One Lap of the Web: Diesels, Deadmau5, Excalibur and Excelsior!
Mon, 03 Feb 2014
-- It's the 50th anniversary of Excalibur, the company with fine craftsmen who keep the neoclassical motoring dream alive, or in some vaguely zombielike semblance thereof. And while the Excalibur's retro vibes arose from the mausoleum of the Mercedes-Benz SSK, Hemmings has discovered Brooks Stevens's other neoclassic: the Excalibur 35X, meant to look like a Bugatti Type 35. Just 27 were built in Italy on the chassis of Opel Commodores, fitted with inline-sixes. What would Ettore do? We believe nearby CERN has harnessed the rotation of his corpse for electricity generation.
-- Ninety-five years ago yesterday, Cummins Diesel chugged into life in a cloud of smoke. Clessie Lyle Cummins founded the company in 1919, and within a decade a Cummins-powered race car finished the Indianapolis 500. In 1952, a turbodiesel Cummins took pole position at the Brickyard. We drove the first-ever Cummins-powered Dodge Ram, a 1985 prototype currently owned by the company, last September. Just think: there was a chance that our Ram 3500s could have been "Powered by Clessie."
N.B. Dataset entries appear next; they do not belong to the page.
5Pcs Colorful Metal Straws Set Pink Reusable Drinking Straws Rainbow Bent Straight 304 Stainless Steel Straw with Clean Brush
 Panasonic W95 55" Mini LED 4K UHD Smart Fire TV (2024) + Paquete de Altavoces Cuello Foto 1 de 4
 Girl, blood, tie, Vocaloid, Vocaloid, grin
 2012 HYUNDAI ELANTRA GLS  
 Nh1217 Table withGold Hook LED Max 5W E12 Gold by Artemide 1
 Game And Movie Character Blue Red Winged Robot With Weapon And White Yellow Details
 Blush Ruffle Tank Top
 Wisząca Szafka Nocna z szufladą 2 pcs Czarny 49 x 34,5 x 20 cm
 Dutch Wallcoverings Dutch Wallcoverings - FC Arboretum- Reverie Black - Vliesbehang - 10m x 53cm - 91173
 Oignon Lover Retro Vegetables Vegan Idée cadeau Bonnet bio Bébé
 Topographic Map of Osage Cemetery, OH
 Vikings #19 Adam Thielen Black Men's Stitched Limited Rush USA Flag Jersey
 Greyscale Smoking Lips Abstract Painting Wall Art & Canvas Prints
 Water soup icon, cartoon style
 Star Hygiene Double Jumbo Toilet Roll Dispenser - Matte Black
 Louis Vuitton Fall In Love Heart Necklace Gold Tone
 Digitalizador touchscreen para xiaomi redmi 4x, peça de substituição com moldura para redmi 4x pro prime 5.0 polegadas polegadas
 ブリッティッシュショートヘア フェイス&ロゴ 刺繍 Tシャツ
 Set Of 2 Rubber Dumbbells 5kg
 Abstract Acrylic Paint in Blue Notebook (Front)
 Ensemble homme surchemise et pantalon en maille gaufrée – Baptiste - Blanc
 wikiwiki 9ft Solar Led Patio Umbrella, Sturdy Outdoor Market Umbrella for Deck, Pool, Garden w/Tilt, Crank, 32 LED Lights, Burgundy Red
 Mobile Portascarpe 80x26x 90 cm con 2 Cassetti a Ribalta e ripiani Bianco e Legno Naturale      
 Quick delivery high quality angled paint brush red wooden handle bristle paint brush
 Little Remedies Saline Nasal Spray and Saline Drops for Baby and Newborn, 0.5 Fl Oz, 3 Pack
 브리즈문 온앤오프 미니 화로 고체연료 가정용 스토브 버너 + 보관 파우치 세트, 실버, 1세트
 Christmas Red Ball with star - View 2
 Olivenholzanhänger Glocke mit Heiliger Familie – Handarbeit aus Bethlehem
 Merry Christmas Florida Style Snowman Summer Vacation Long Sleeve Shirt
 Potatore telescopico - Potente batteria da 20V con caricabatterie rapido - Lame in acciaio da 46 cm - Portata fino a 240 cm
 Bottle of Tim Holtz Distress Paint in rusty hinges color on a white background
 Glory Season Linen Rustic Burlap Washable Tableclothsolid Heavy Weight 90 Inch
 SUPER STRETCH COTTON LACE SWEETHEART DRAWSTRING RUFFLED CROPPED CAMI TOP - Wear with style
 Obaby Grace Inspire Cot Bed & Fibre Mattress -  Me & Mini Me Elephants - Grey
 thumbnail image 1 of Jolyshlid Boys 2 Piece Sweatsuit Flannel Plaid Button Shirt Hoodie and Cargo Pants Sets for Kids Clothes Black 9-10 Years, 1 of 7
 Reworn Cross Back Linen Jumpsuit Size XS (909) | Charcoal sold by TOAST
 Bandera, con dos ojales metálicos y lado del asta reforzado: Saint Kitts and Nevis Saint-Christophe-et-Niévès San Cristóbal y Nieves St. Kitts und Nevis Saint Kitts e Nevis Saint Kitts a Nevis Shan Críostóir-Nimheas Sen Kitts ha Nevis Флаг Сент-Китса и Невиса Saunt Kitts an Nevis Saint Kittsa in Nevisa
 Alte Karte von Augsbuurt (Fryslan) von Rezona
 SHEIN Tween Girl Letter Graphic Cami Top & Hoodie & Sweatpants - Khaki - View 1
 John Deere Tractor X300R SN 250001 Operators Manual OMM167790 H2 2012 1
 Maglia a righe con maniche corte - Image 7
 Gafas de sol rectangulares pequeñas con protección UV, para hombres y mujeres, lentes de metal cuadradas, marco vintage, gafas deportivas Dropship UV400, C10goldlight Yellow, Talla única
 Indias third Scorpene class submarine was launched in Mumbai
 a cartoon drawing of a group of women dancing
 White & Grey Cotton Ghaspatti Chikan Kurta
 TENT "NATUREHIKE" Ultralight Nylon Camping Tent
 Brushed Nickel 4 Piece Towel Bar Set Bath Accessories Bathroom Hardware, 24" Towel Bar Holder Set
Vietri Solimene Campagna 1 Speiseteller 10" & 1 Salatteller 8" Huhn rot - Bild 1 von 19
-- Ever wonder how the Studebaker-Packard Hawk series evolved from 1956 to 1964? Now you know, thanks to this handy chart. May nobody ever catch you off-guard because you forgot that the Power Hawk only lasted one year.
-- From Flickr, a great selection of 1980s rally photos. Audi Quattros, mean Peugeots, a few Porsches, and an ever-wonderful Saab or three.
-- Deadmau5 wraps his Ferrari 458 Spider in Nyan Cat livery. Nyan Cat, for those unaware of such things, is a "meme" that was popular three years ago. A "meme" is defined as "a thing people do on the Internet," and "the Internet" is defined as a place you should never, ever go.